SUS 305 ​- F: Collective Action and Advocacy

This course will address the ways in which people act collectively to address social problems or to change social policy. The course will be divided into two sections: a general introduction to the study of collective action, and a set of case studies in environmental activism.

Prerequisite: SBC 111, ENS 101 or GEO 101; POL 102 or SOC 105

3 credits

SUS 306: Business and Sustainability

This course examines the interface between business and sustainability. It considers opportunities for the development and growth of profit and not-for-profit businesses associated with the promotion of sustainability. It also covers how environmental concerns and related governmental regulations influence business operations and profitability. Students will apply career skills and concepts from environmental economics to understand how business functions (e.g., operations, public relations, sales, health and safety, and corporate social responsibility) are influenced by environmental concerns. The course will highlight current issues and cases, provide an overview of theory and practice, and generate research to test students' hypotheses, and generally explore opportunities and threats to business viability. Review of current affairs, case analyses, role plays, field trips, and guest speakers will be included along with required reading in seminal theory and research.

Prerequisite: SBC 206

3 credits

SUS 307: Environmental Economics and Management

This course presents advanced concepts in environmental economics and management through a series of detailed case studies. The cases include those concerning the US sulfur-dioxide permit trading system, the Kyoto Protocol, zoning, coastal fisheries, the use of ethanol in gasoline, tradable development rights in the Long Island Pine Barrens and the conservation of endangered species.

Prerequisite: SBC 206

3 credits

SUS 308: Economic Development

This course teaches students about economic development and its relationship to the environment. Students learn about both the theory of economic growth and the way development has proceeded in various regions of the world. Examples will come from the Asian tiger economies of East Asia and the development disasters in Sub-Saharan Africa. The relationships between the levels and rates of growth of output and various environmental indices will be explored.

Prerequisite: SBC 206

3 credits

SUS 341 ​- H: Environmental Treaties and Protocols

A multi-disciplinary study of the scientific basis, objective, development, implementation, and intended and unintended consequences of a single major Environmental Treatise or Protocol, such as the Kyoto Protocol. Official documents, secondary literature, as well as commentary on the Treatise or Protocol are studied.

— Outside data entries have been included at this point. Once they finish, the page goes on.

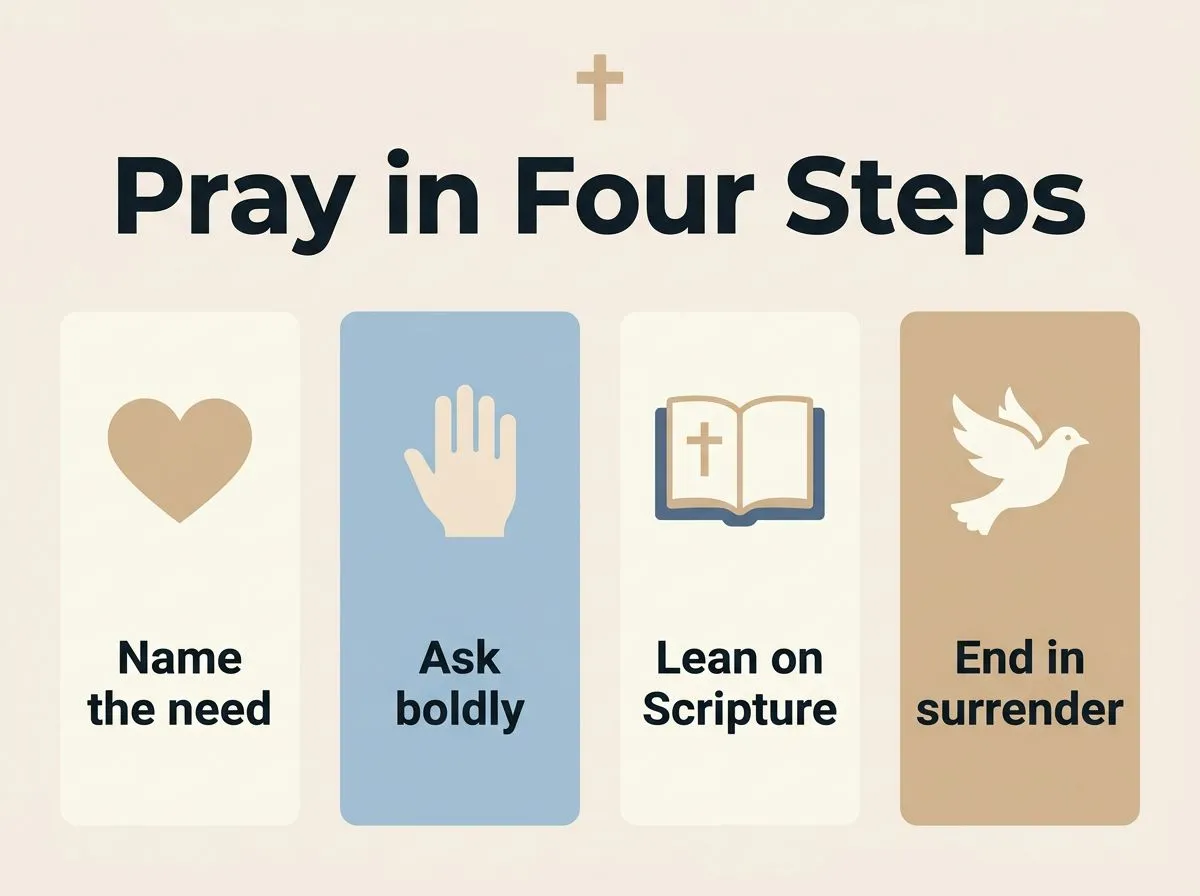 Infographic showing four steps to pray for healing: name the need, ask boldly, lean on Scripture, and end in surrender.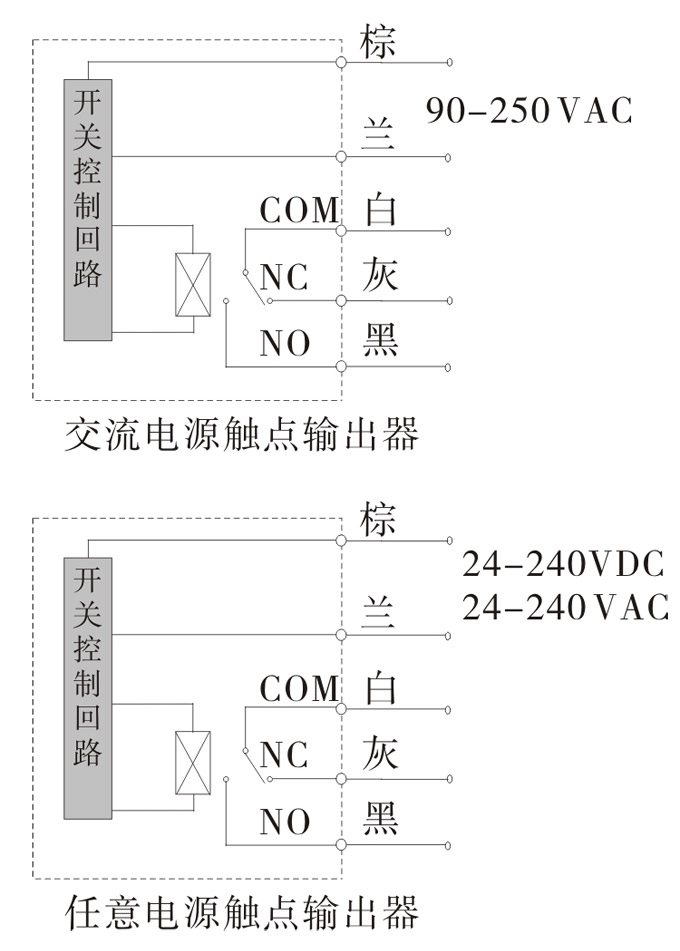 光電開(kāi)關(guān),TZ-W50扁平形光電開(kāi)關(guān),光電傳感器接線圖 2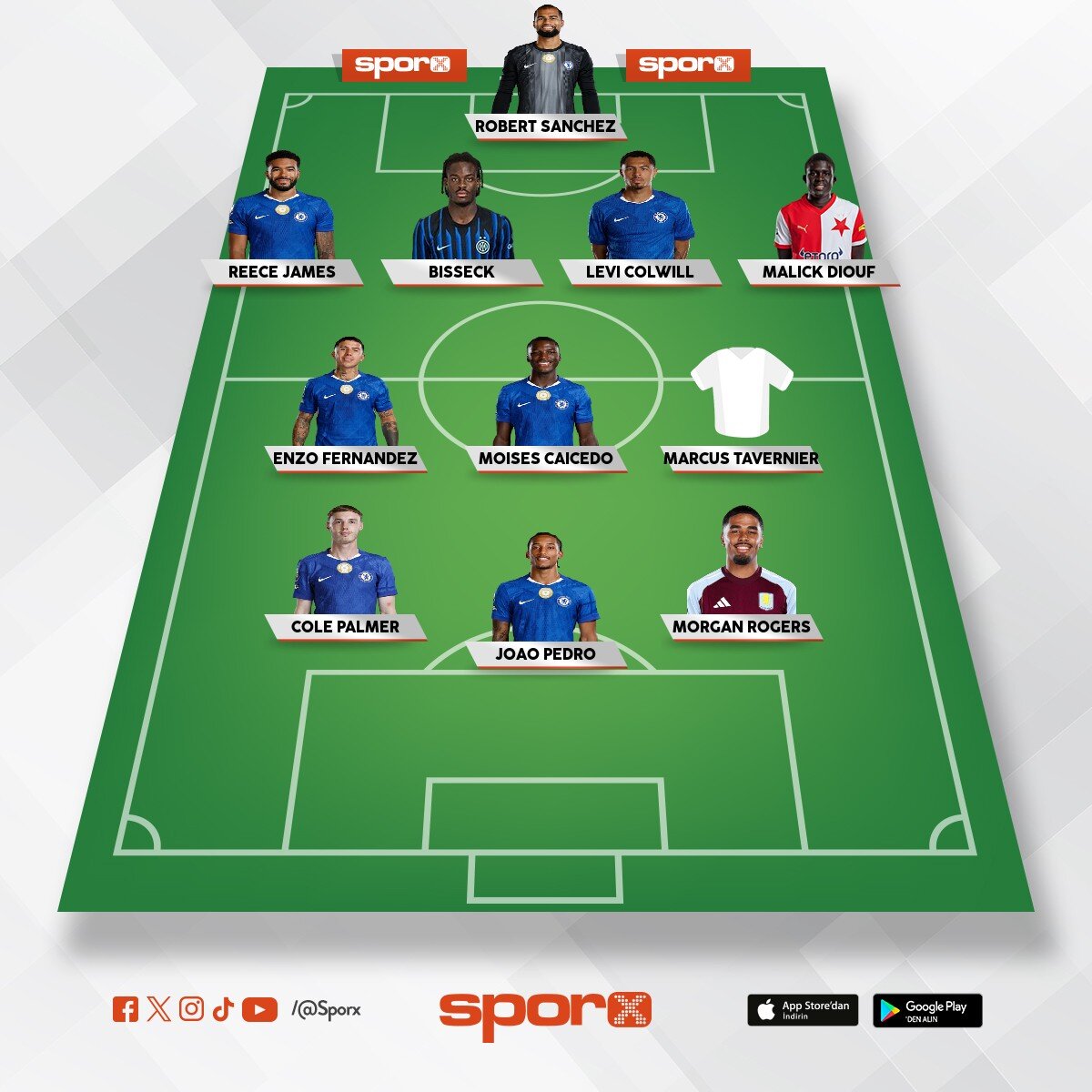 @Kadrokolik Chelsea TD X.ALONSO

Prerequisite: SBC 111, or ENS 101, or GEO 101; U3 or U4 standing

3 credits

SUS 342 ​- H: Energy and Mineral Resources

This class will explore the origin, distribution, and importance of energy and mineral resources to modern civilization, with an emphasis on fossil fuels and non-renewable mineral resources extracted from Earth. Geological processes responsible for the formation and distribution of energy and mineral resources, as well as current and future supply and demand are discussed. The environmental implications of the extraction and use of energy and mineral resources as well as techniques to minimize the impact on the environment will be discussed.

Prerequisite: One DEC E course

3 credits

SUS 350: Contemporary Topics in Sustainability

This course deals with the meaning and the application of the idea of sustainability. First, the mathematics of exponential and linear growth, and the concept of stability in complex systems will be developed. The idea of stable equilibrium and the long-term/short term distinction will also be discussed. Then, various subjects of sustainability--populations, species, habitats, ecosystems, resources, cultures, modes of production, economic systems, and political systems will be considered. Various purposes of sustainability for its own sake, for human welfare, for the welfare of nature will also be discussed. May be repeated as the topic changes.

Prerequisite: SBC 111; U3/U4 status

3 credits

SUS 487: Research in Sustainability Studies

Qualified advanced undergraduates may carry out individual research projects under the direct supervision of a faculty member. May be repeated.